**EXCERPTED DATA**
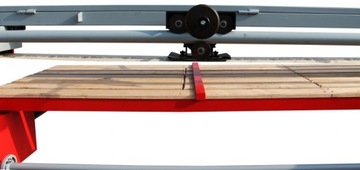 ДЛИННОЛЕНТОЧНАЯ ШЛИФОВАЛЬНАЯ МАШИНА HOLZMANN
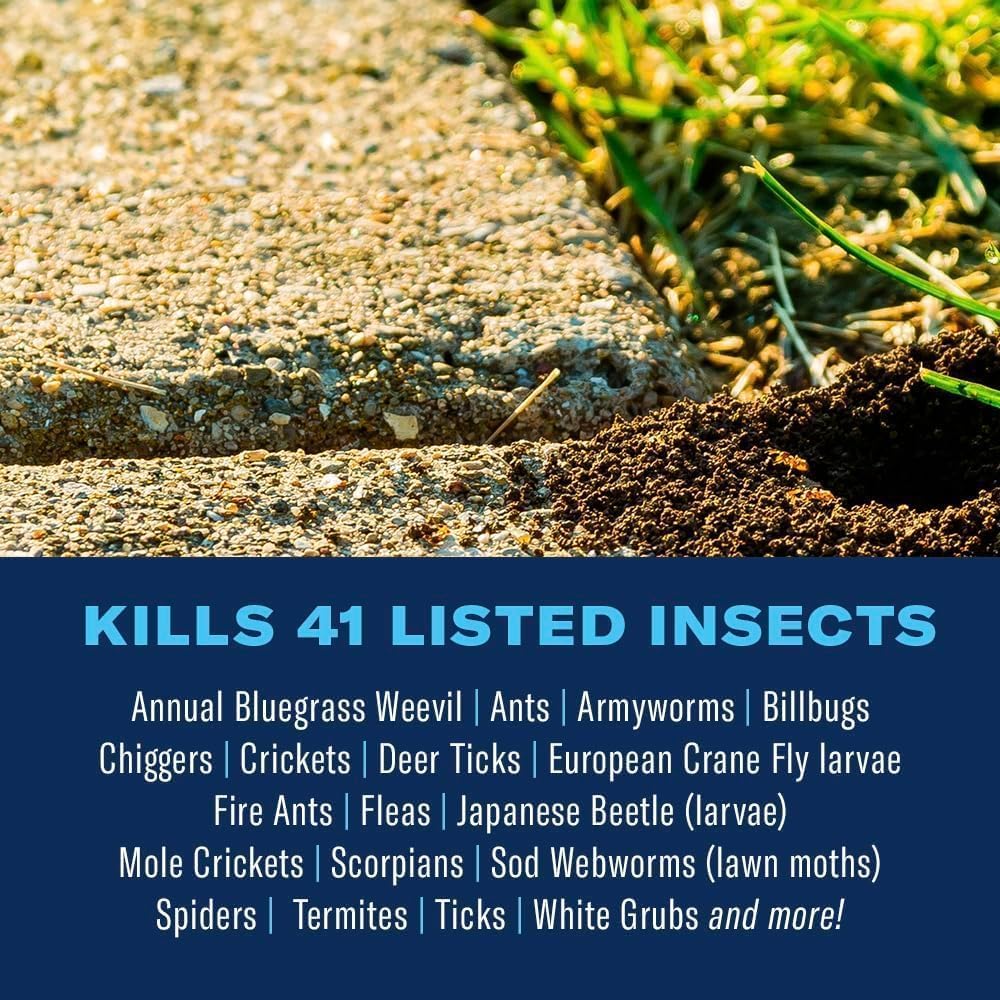 Insect Killer Granules 10 lb Bag U567074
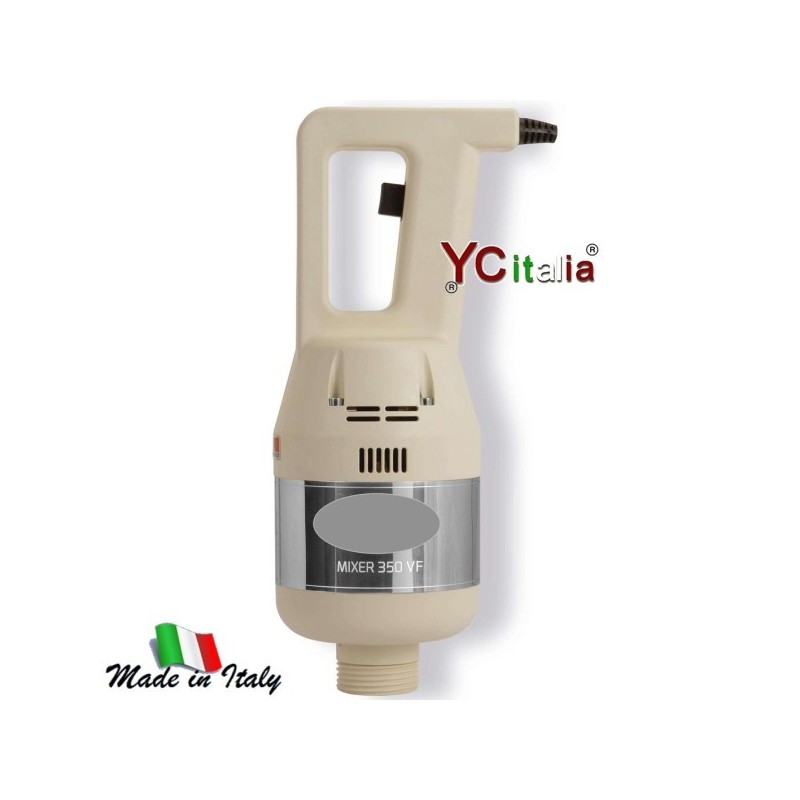Mixer 450V+ Mixer300mm+Frusta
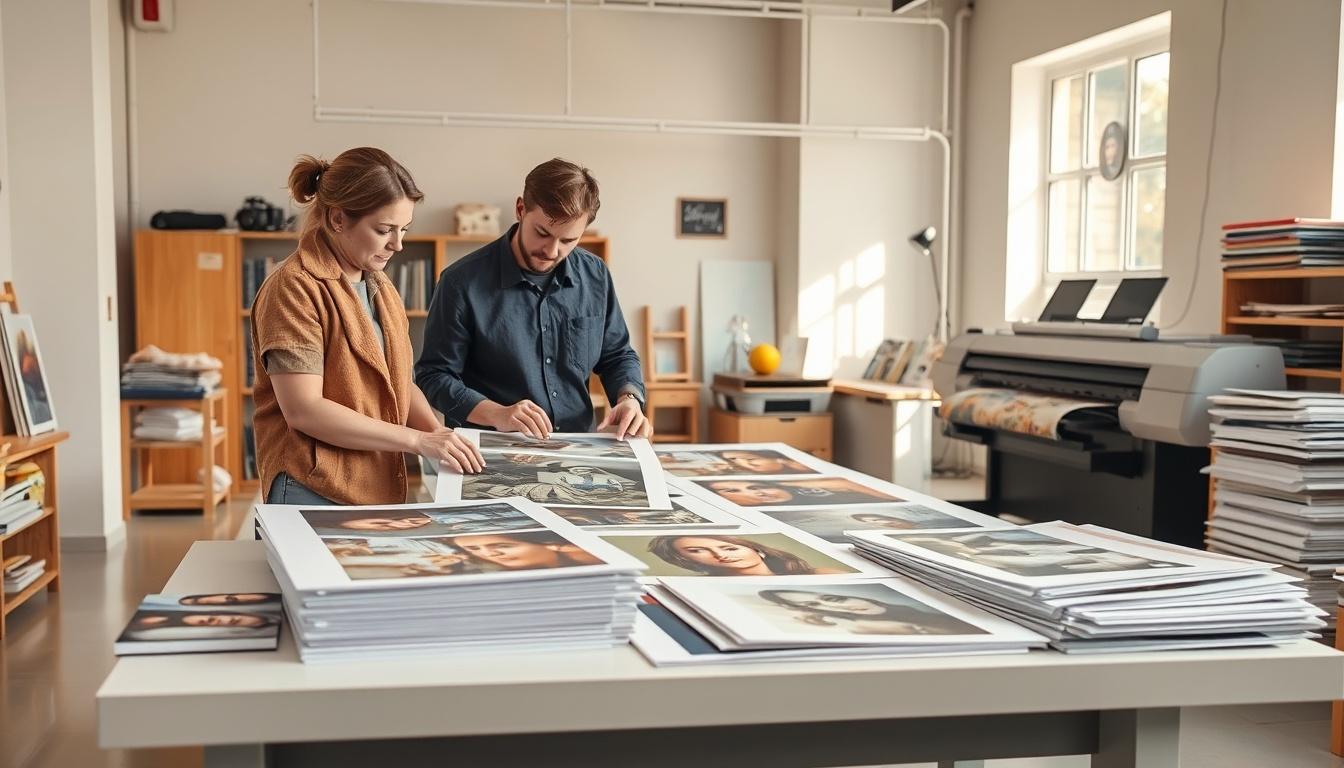 Prints Prepared With Care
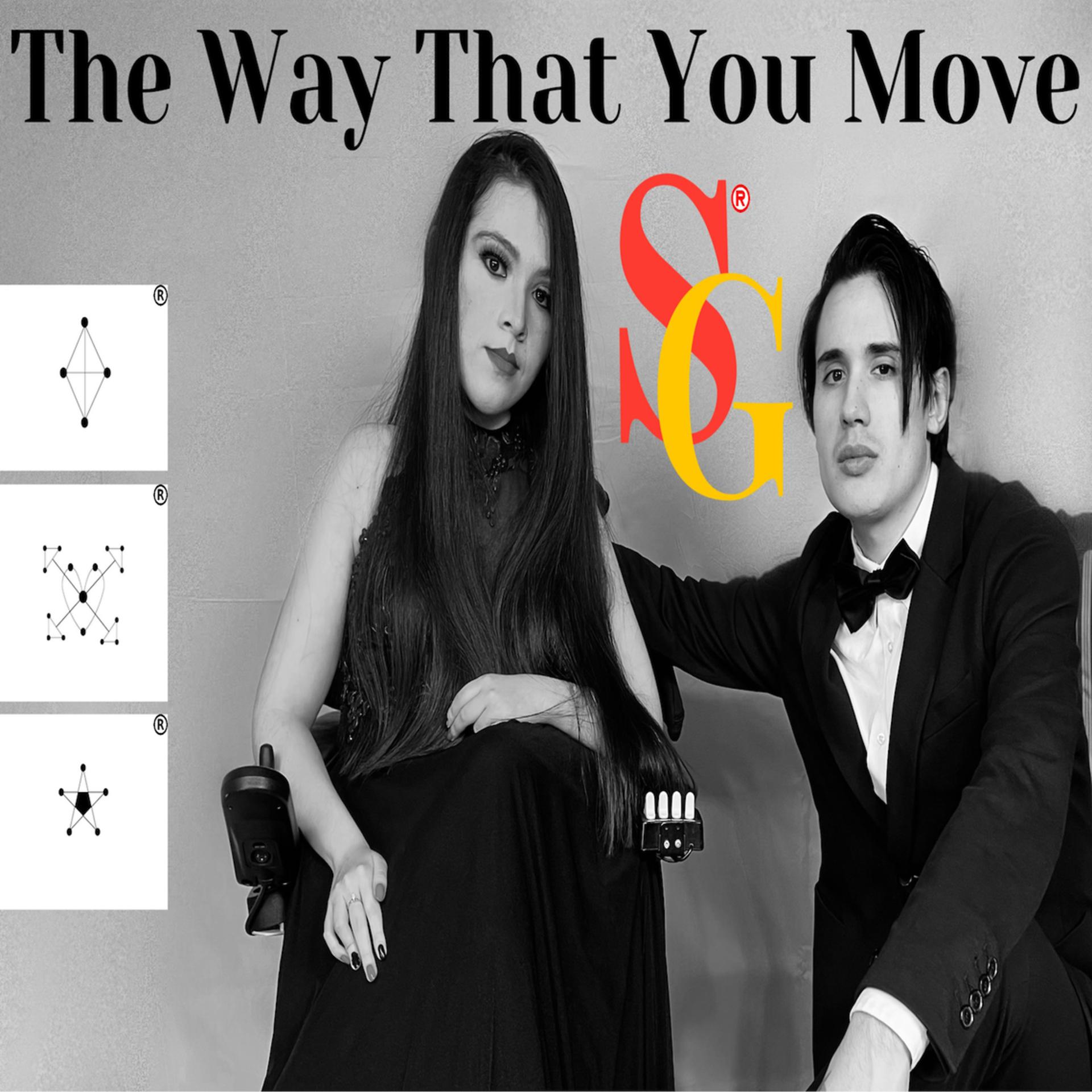Постер альбома The Way That You Move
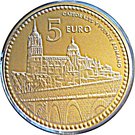 5 Euro (Salamanca)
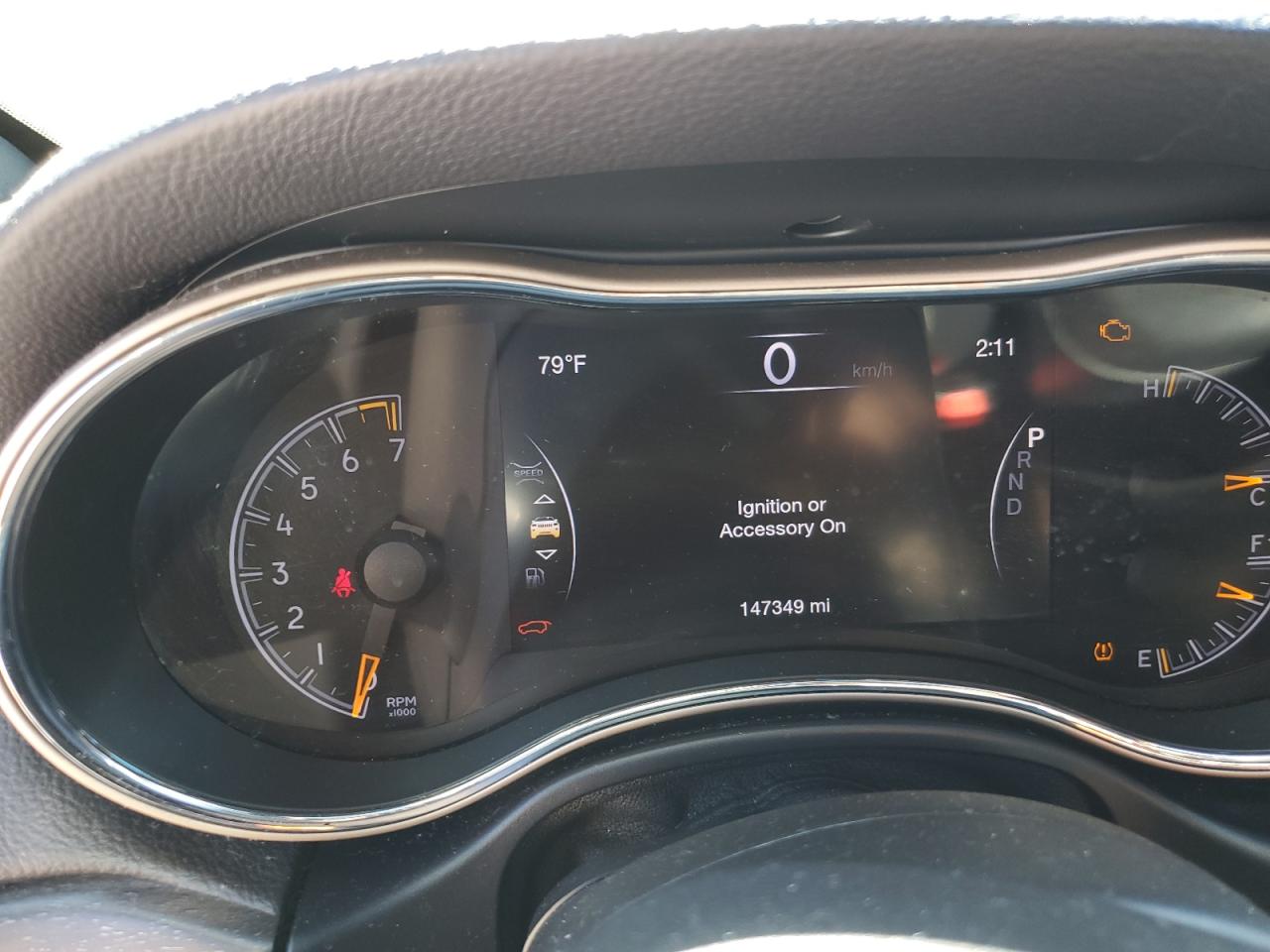 JEEP GRAND CHEROKEE LIMITED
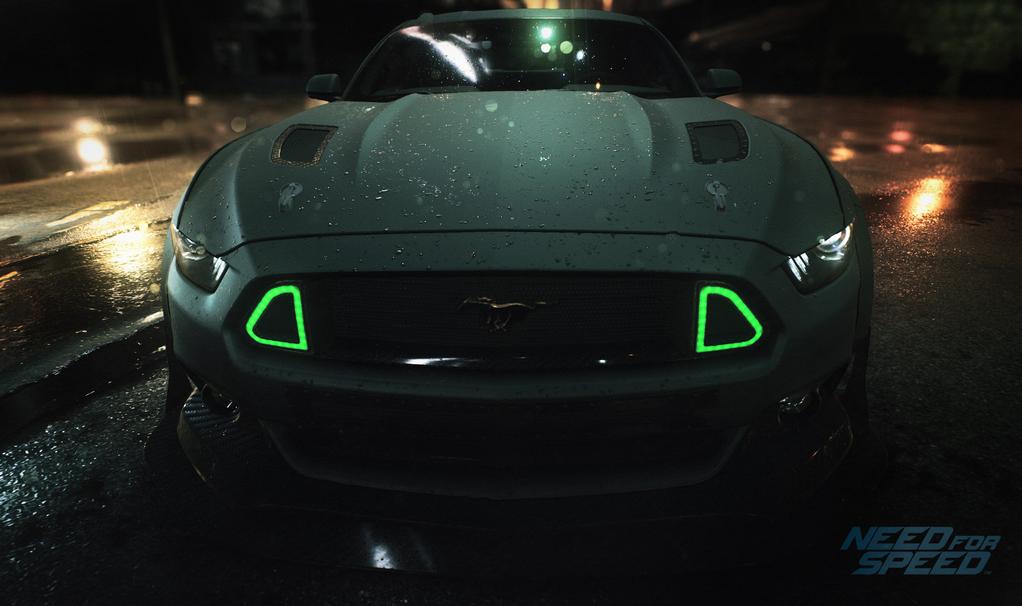 Das kommende Need For Speed erfordert eine dauerhafte Internetverbindung
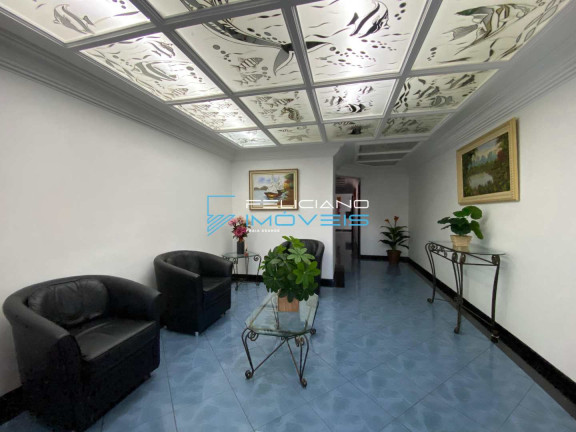 Imagem Apartamento com 2 Quartos à Venda, 82 m² em Canto Do Forte - Praia Grande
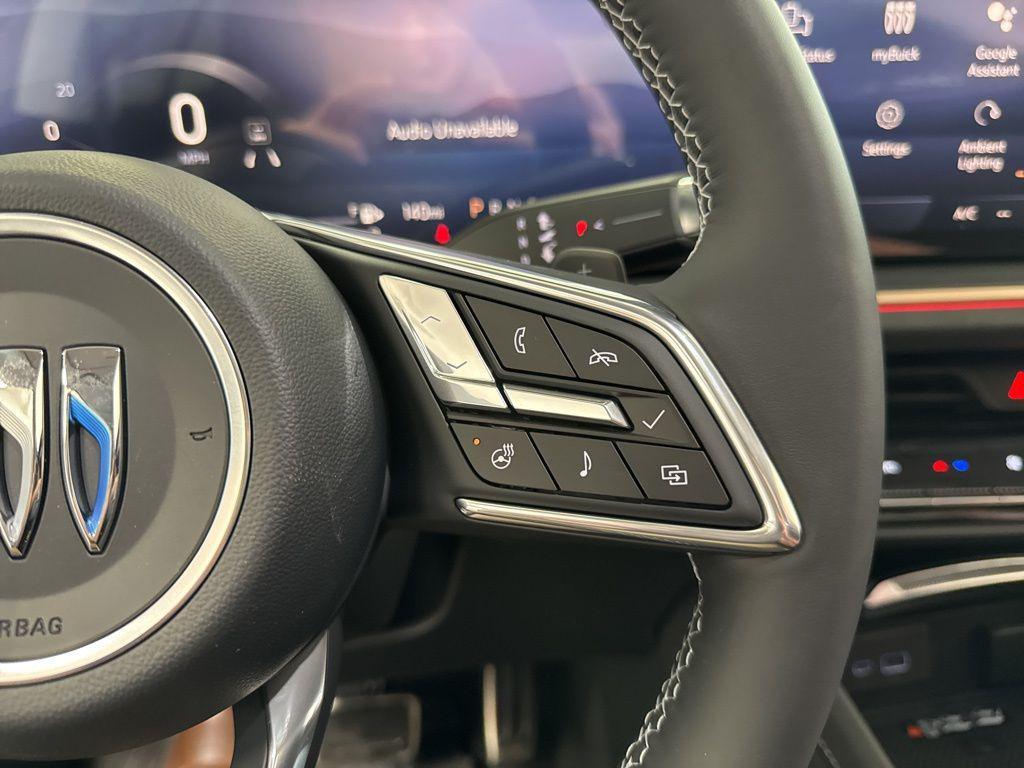 new 2026 Buick Envision car, priced at $48,600
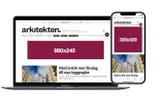 Display advertising - Arkitekten.se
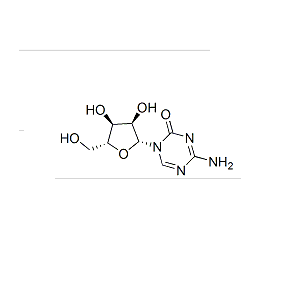 阿扎胞苷α异构体杂质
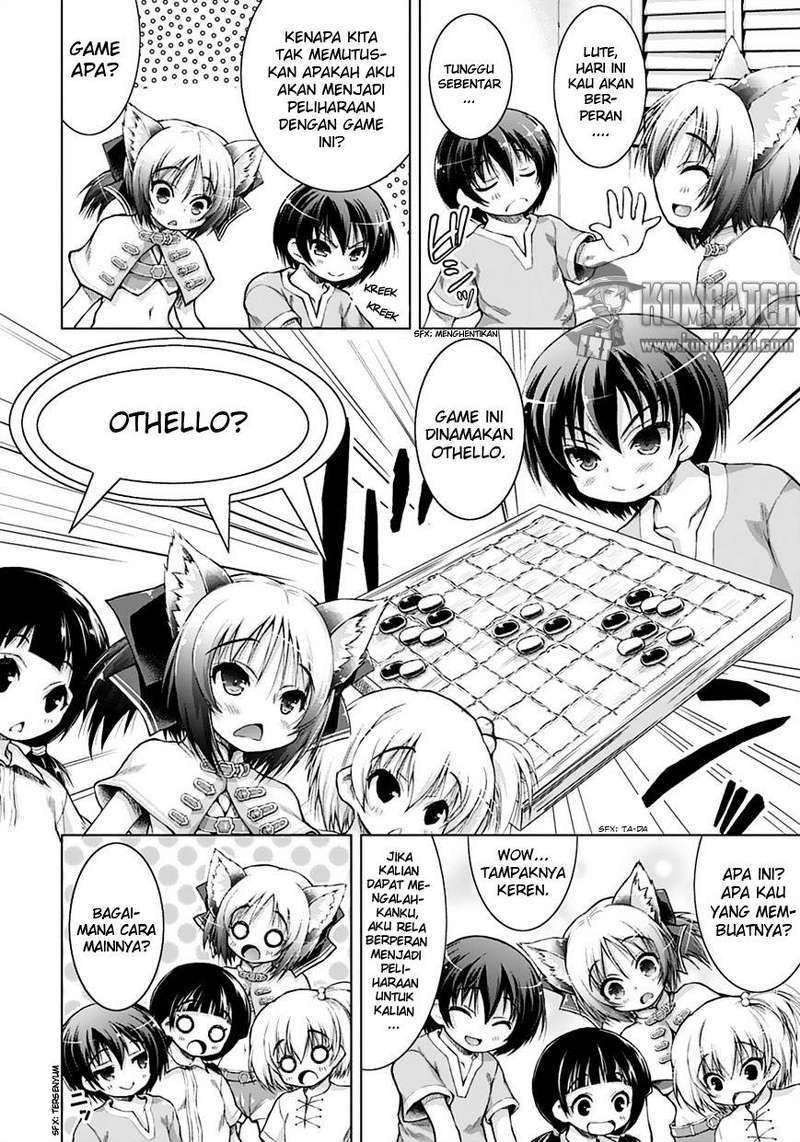 Gunota ga Mahou Sekai ni Tensei Shitara, Gendai Heiki de Guntai Harem o Tsukucchaimashita!? Chapter 02 Gambar 30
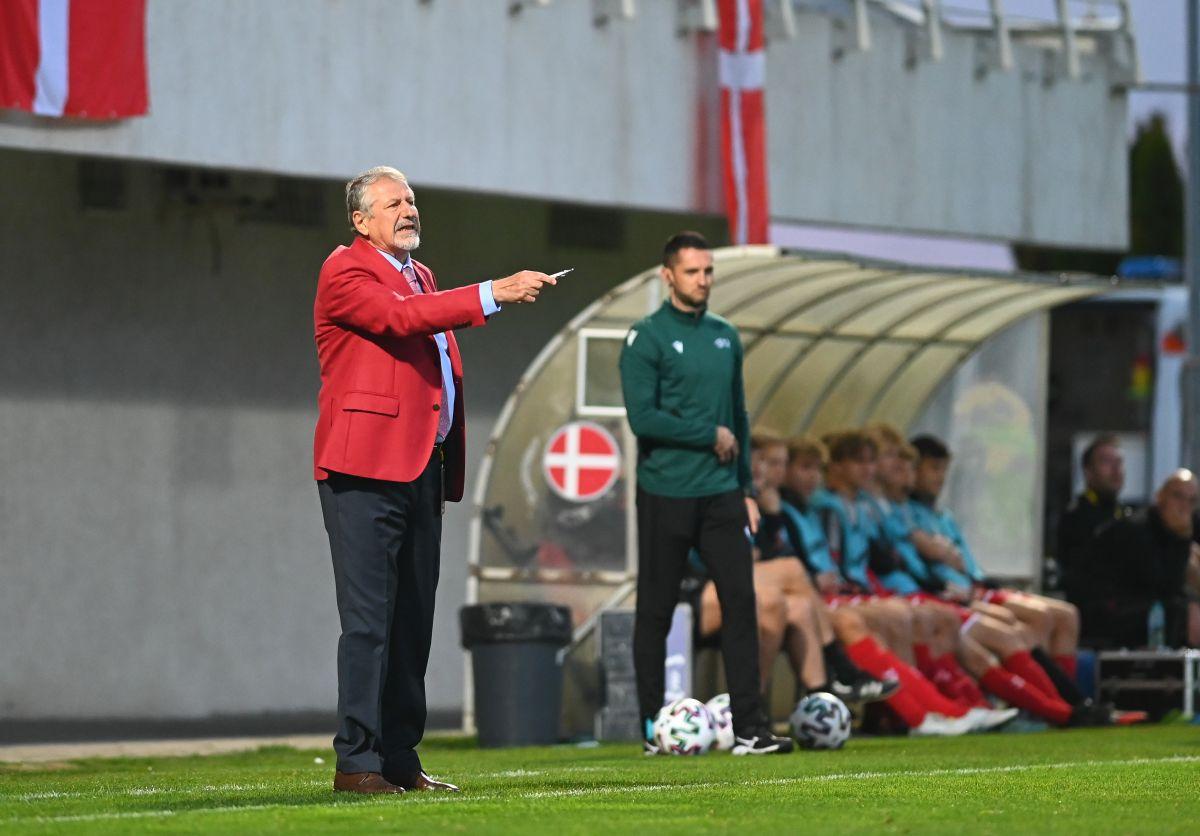 România U17 - Danemarca U17, preliminarii Euro 2023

**DIRECTIONS**
Would you please print only the lines running from the one with "Display advertising - Arkitekten.se" to the final line of the entries above, exactly as written and without pictures?

**PROBLEM SOLUTION**
 Display advertising - Arkitekten.se
 阿扎胞苷α异构体杂质
 Gunota ga Mahou Sekai ni Tensei Shitara, Gendai Heiki de Guntai Harem o Tsukucchaimashita!? Chapter 02 Gambar 30
 România U17 - Danemarca U17, preliminarii Euro 2023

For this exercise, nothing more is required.